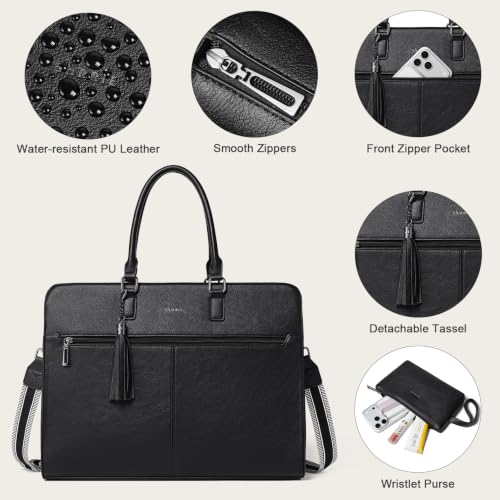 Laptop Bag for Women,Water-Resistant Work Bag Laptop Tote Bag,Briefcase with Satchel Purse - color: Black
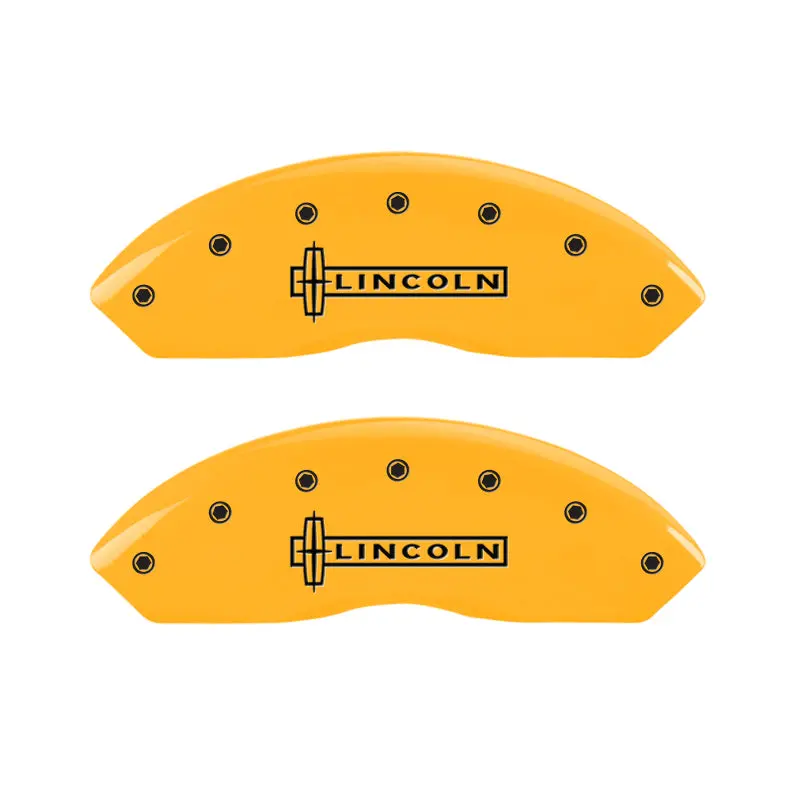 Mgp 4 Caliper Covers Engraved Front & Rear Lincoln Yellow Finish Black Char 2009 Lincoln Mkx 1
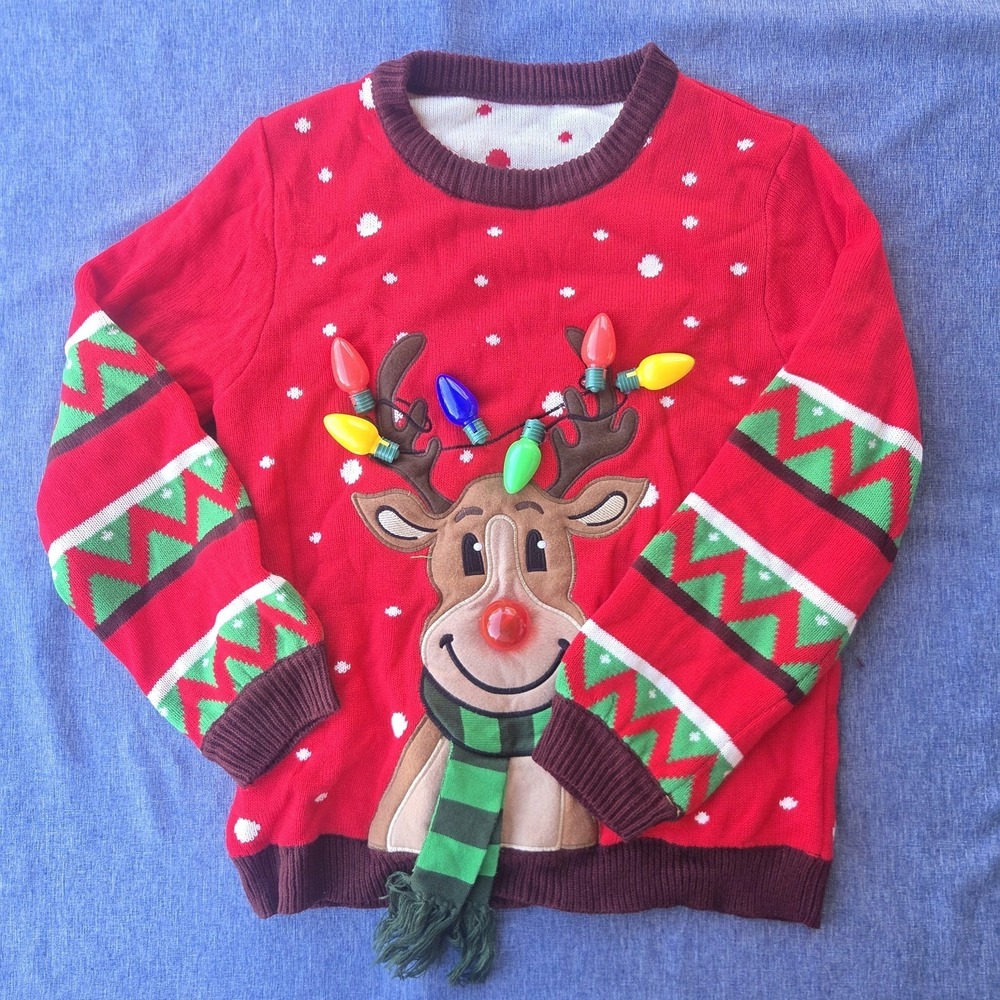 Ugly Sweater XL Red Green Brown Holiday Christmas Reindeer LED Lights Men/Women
━━━━━━━━━━
Requirement
Return the listing verbatim, pictures omitted.

Exercise response
 Laptop Bag for Women,Water-Resistant Work Bag Laptop Tote Bag,Briefcase with Satchel Purse - color: Black
 Mgp 4 Caliper Covers Engraved Front & Rear Lincoln Yellow Finish Black Char 2009 Lincoln Mkx 1
 Ugly Sweater XL Red Green Brown Holiday Christmas Reindeer LED Lights Men/Women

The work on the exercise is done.